Mobile location-based services provide a variety of functions, including maps, navigation, friend finders and store locators. According to a study from Luth Research and the Mobile Marketing Association (MMA), more than one-quarter of US mobile phone users have used a location-based service, and 10% do so at least weekly.
Users of mobiles ages 25 to 34 were the demographic most likely to use location-based services at least once a week, at 22%. iPhone users also came in above average, with 63% using the services weekly. The most common activities were finding nearby points of interest, including stores, locating the user on a map and using navigation services.
Advertisers may not be taking advantage of the opportunities offered by such utilitarian services. A scant 9% of monthly location-based services users said they had noticed ads at least one-half of the time.
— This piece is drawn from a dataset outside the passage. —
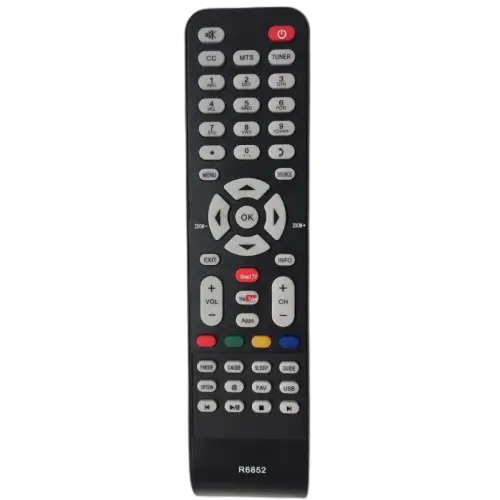 Control Remoto Para Televisores TCL/TECNOMASTER SMART TV Foto 7249440-1.jpg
In contrast, 35% of mobile Web browsers remembered seeing adds most of the time, as did 25% of mobile information searchers.
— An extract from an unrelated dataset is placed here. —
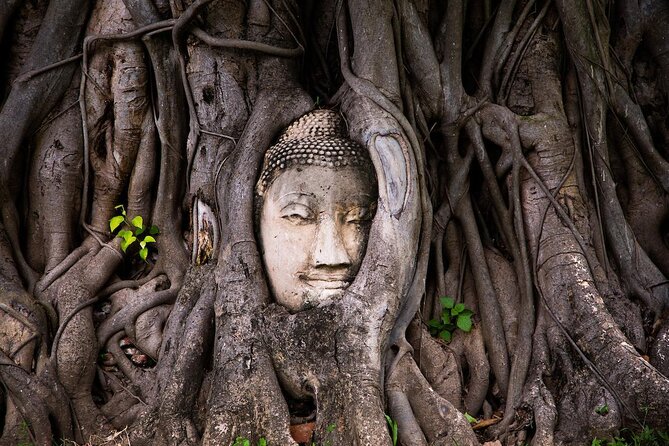 Ancient City Ayutthaya Private Guided Day Tour - Why This Ayutthaya Day Trip Works From Bangkok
But among those location-based services users who did see ads, nearly one-half (48%) took action. Only 37% of SMS ad viewers and 28% of mobile Web ad viewers said the same.
“Consumers believe location-based services offer them significant benefits in functionality and relevance,” said Peter A. Johnson, vice president of market intelligence, MMA, in a statement. “Consumers’ significant adoption and appreciation of location-based services opens up enormous new opportunities for brands and agencies to leverage this unique virtue of the mobile channel.”
In Q1 2009, Brightkite found just 4.3% of non-iPhone users and 15.4% of iPhone users recalled seeing mobile ads on location-based services, indicating the ads may be somewhat more prevalent in 2010. A January 2010 survey from R2integrated found that nearly one-fifth of North American marketers planned to use location-based campaigns this year, but that could include non-advertising marketing components.